Repeat the data in full and exactly. Leave the pictures out.

INPUT DATA:
[Start of Attachment]
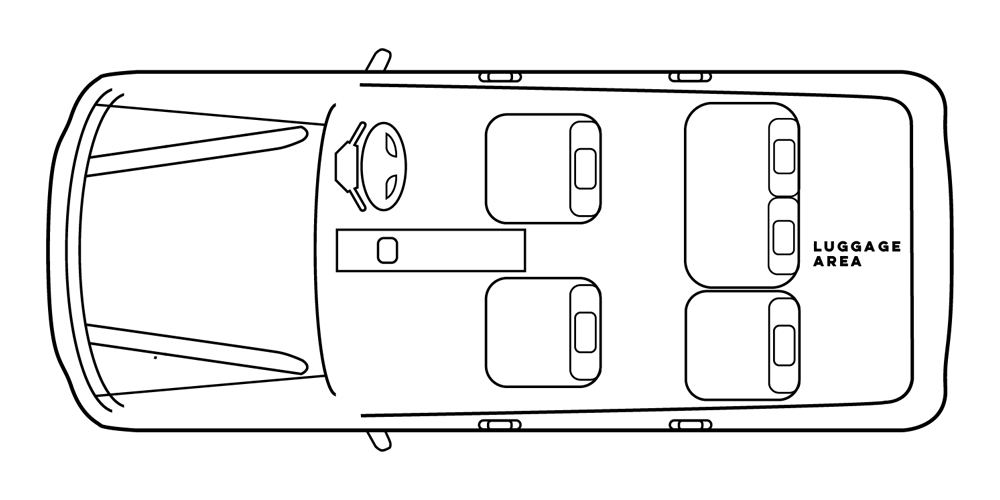 Vehicle configuration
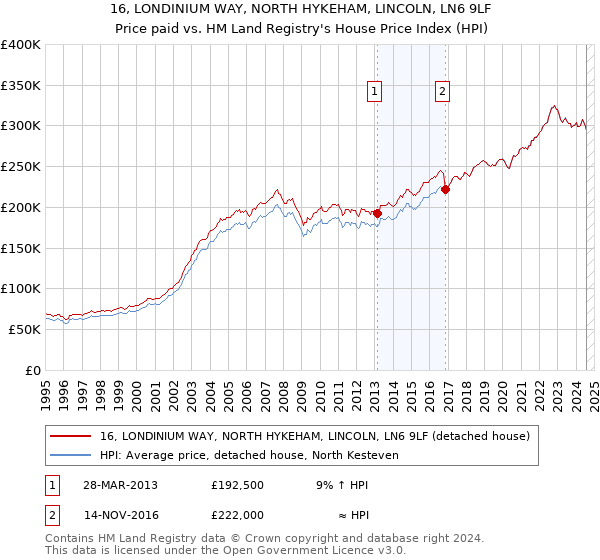 16, LONDINIUM WAY, NORTH HYKEHAM, LINCOLN, LN6 9LF: Price paid vs HM Land Registry's House Price Index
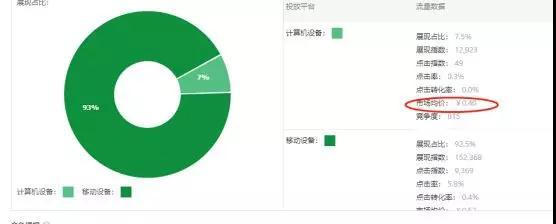 钻展和直通车的区别,如何实现盈利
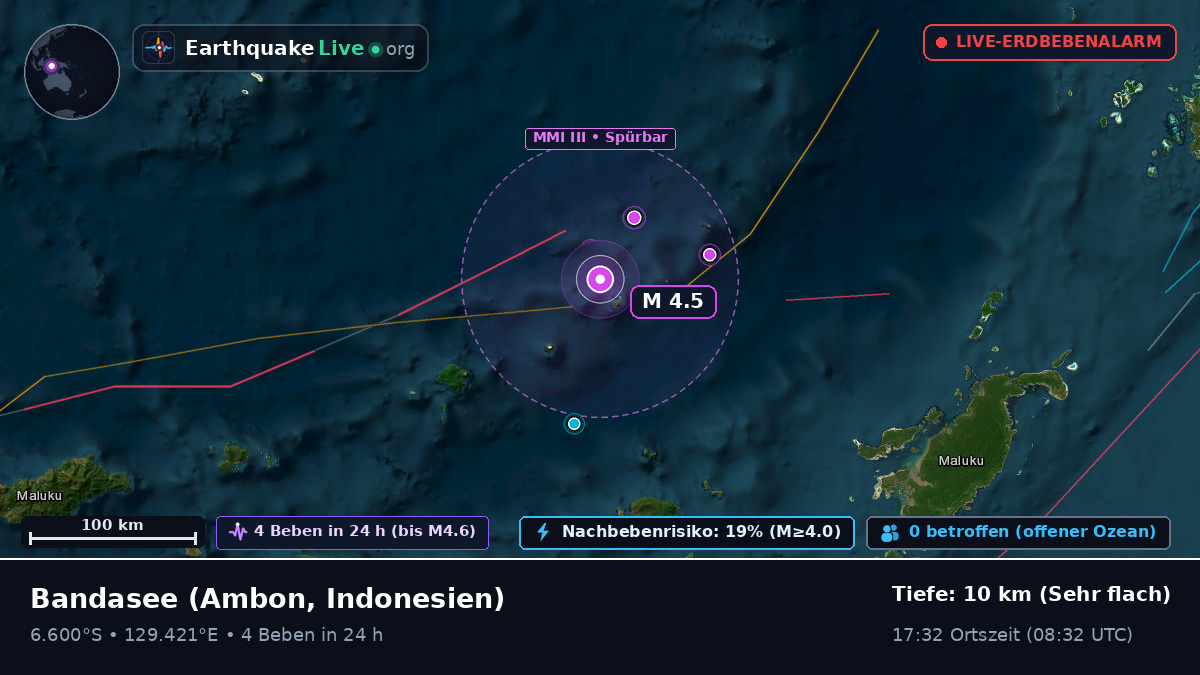 Bandasee (Indonesien)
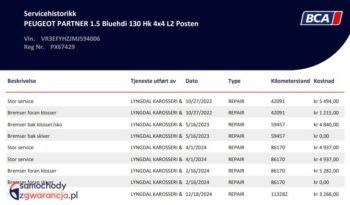 PEUGEOT Partner  | 4×4 (doł. ręcznie) | Manualna | 131 KM | Czerwony full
[End of Attachment]
ANSWER SPACE:
 Vehicle configuration
 16, LONDINIUM WAY, NORTH HYKEHAM, LINCOLN, LN6 9LF: Price paid vs HM Land Registry's House Price Index
 钻展和直通车的区别,如何实现盈利
 Bandasee (Indonesien)
 PEUGEOT Partner  | 4×4 (doł. ręcznie) | Manualna | 131 KM | Czerwony full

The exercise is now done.